Each wiki area has two regular expressions for this purpose:
- include directory pattern:
this specifies directories that are allowed to serve non-native HTMLs - exclude directory pattern:
this specifies directories that are restricted from serving non-native HTMLs
To understand how the two patterns interact and for details of directory permissions checking please refer to the directory level authorisation section. If the directory matches the include pattern and is not excluded, the HTML pages are served raw; otherwise a permission denied message is shown to the user.
If you then make the directories where the raw HTMLs are served from read only, then you're secure.
Both the options are available to the administrator. A user is given a permission to see a non-native HTML file if the directory to which the non-native file belongs is granted access by at least one of the two options.
To iframe or not to iframe?
In general the resultant page contains an
iframe that pulls in the raw HTML page. This is good for things like Javadocs
etcc., but in some cases you may want to just serve the body of the page
instead (e.g. the GATE user guide). If a file called .cow-no-iframe is
present in the directory containing the HTML page then the iframe will be
omitted.
4.13. Referencing and regeneration
The problem is that a create/rename/delete/modify operation on a .yam should be cascaded through any files that link to or include it.
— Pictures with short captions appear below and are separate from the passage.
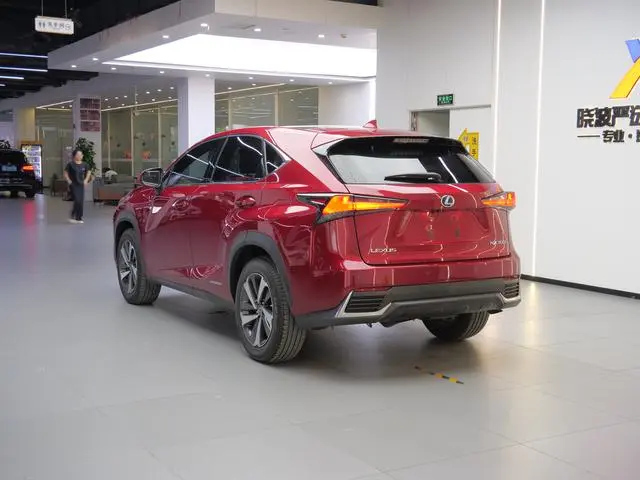 Lexus Lexus NX 300h full drive Fengzhi edition country VI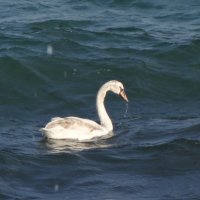 Лебедь белая :: Андрeй Владимир-Молодой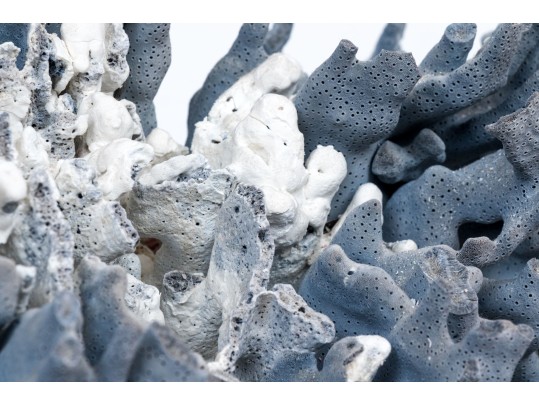 Large Coral Specimen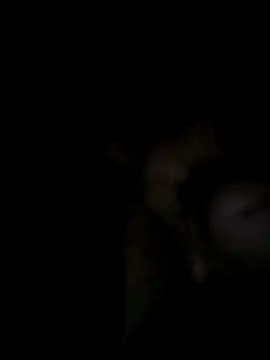 Egypt1000 online show from March 2026 03:34:01 AM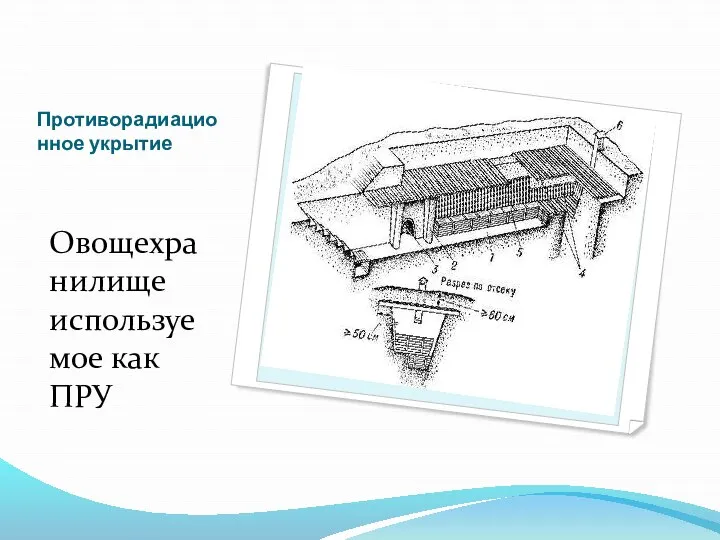 Противорадиационное укрытие Овощехранилище используемое как ПРУ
The relevant data is what a file "linksTo" and "includes". Regeneration is needed:
- if the requested output (e.g. a .html) is younger than the .yam file
- if any included files have been created, modified, renamed or deleted
- if any linked files have been renamed, added or deleted
This information needs to be maintained in a single dependency graph for each Wiki area. This is coded in class Dependencies.
If we can guarantee that all necessary regeneration and dependency maintenance is done whenever any generation is done, then the graph can be assumed to be consistent. In workstation mode that's an open issue because of updates from other tools but in the worst case we can periodically or on request regenerate all the output files to ensure consistency.
Referencing events
- page or directory is
created out-dates all linkers and includers renamed out-dates all linkers and includers deleted out-dates all linkers and includers modified out-dates all includers
Event sources
- CoW
- svn up
- in workstation mode all sorts of editors etc.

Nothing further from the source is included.